Gerhard Magnus wrote:
> I recently had to deal with my ISP about a connectivity problem that
> turned out to be on their end. (The tech referred to linux as lie-nux
> and insisted on doing everything in XP which I fortunately had
> dual-booted.) But in the process of working through this it was
> necessary for me to describe the way I'd set up my LAN here and he
> seemed incredulous. This wouldn't bother me except that I've gotten this
> reaction before from people in the outside world but never an
> explanation. So I'm asking: is there something weird about this
> structure? Is there some "better" or more standard setup?
> The DSL modem Actiontec modem provided by Quest plugs into the phone
> jack.

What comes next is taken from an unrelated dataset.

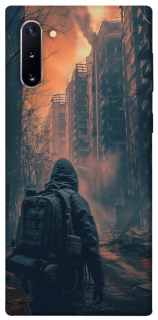 Чехол на Samsung Galaxy Note 10 Сталкер v8 фото 1 из 1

The Actiontec is an older model with only one ethernet plug. Since
> I have four boxes, two of which are dual booting Fedora and XP, I have
> an ethernet cable connecting the modem to the DSL plug of a Linksys
> router. I then have separate cables connecting the four outlets on the
> router to each of the four boxes. (I did all this cabling at a time
> before wireless routing was as available and cheap as it is today.)
> Each of the six operating systems (4 linux and 2 XP) has a static IP
> address and each has a firewall. I have NFS running on the linux
> systems. There's another firewall on the router, which is currently
> port-forwarding only ssh and torrent data from the outside world.
> I thought I'd check this out before going further....
Unusual was my first DSL setup, many years ago. My ISP even let you
run servers and provided DNS service if you had your own domain
name. I had a P-75 running as a combination of firewall, web server,
and relaying mail server. It also did NAT.

I would not consider such a setup secure now days, but the risk at
the time was acceptable.


  Do not meddle in the affairs of dragons,
for thou art crunchy and taste good with Ketchup!